Laurent BUCYIBARUTA : Oui, il était bien là. Quand j’ai senti qu’il y avait des rumeurs sur la volonté de certains de venir attaquer mon domicile, non seulement pour tuer mais aussi pour piller, parce qu’ils savaient que la maison contenait beaucoup d’équipements, j’ai appelé GATABARWA, on s’est entretenus et je lui ai expliqué la situation. Au lieu de périr avec nous ici, toi tu n’es pas une personne très connue comme moi ou ma femme, mieux vaut que tu t’arranges pour aller chez quelqu’un, un de tes amis. Il pourra te cacher discrètement. Ici, je ne sais pas ce qui peut arriver donc il a compris. Il n’avait pas d’arrière-pensée sur moi.
Président : Vous dites qu’il est parti après l’attaque de MURAMBI. Le 26 avril, c’est le message de pacification. Il part avant ou après ?
Laurent BUCYIBARUTA : Juste avant. Je vous ai expliqué que mes fils l’ont accompagné jusqu’à un certain endroit et je suis resté à la sortie arrière qui était aussi discrète pour que mon chien n’aboie pas en entendant les gens sortir. Je suis resté à ce passage jusqu’au retour de mes fils.

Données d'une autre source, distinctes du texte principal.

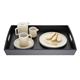 Olympia Bamboo Black Large Serving Tray 510x350mm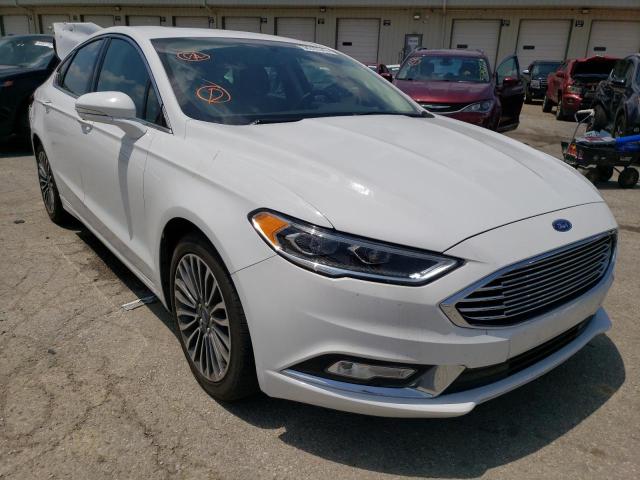 3FA6P0D92JR233741 - 2018 FORD FUSION TITANIUM/PLATINUM WHITE photo 4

Président : Vous nous avez dit qu’il était possible qu’il appelle son épouse, qui travaillait à la sous-préfecture, et qu’il y avait une liaison téléphonique. Une fois parti, vous êtes-vous renseigné auprès de son épouse pour savoir ce qu’il était devenu ?
Laurent BUCYIBARUTA: Je ne voulais pas car j’avais peur que mon téléphone soit écouté. Le service de téléphonie écoutait les conversations. J’ai voulu rester discret. Autre chose à indiquer, c’est que je n’ai jamais reçu de personnes à mon domicile venant faire une liste de Tutsi tués ou à tuer.
Président : Pour autant, est-ce qu’il vous est arrivé de recevoir des personnalités ?
Laurent BUCYIBARUTA : Des visiteurs qui souhaitaient me rencontrer venaient comme ils voulaient.
Président : Vous les hébergiez ou c’était de simples visiteurs de passage ?
Laurent BUCYIBARUTA : Certains venaient saluer la famille et repartaient et d’autres restaient.
Président : Le Premier ministre KAMBANDA, vous l’avez reçu à votre domicile.
Laurent BUCYIBARUTA: Oui.
Président : A quel moment ?
Laurent BUCYIBARUTA: C’était au mois de juin.
Maître LINDON : Madame Espérance MUKAMANA est la témoin dont parlait mon confrère.
Président : Quelle relation, M. BUCYIBARUTA, aviez-vous avec le prêtre NIYOMUGABO Joseph ?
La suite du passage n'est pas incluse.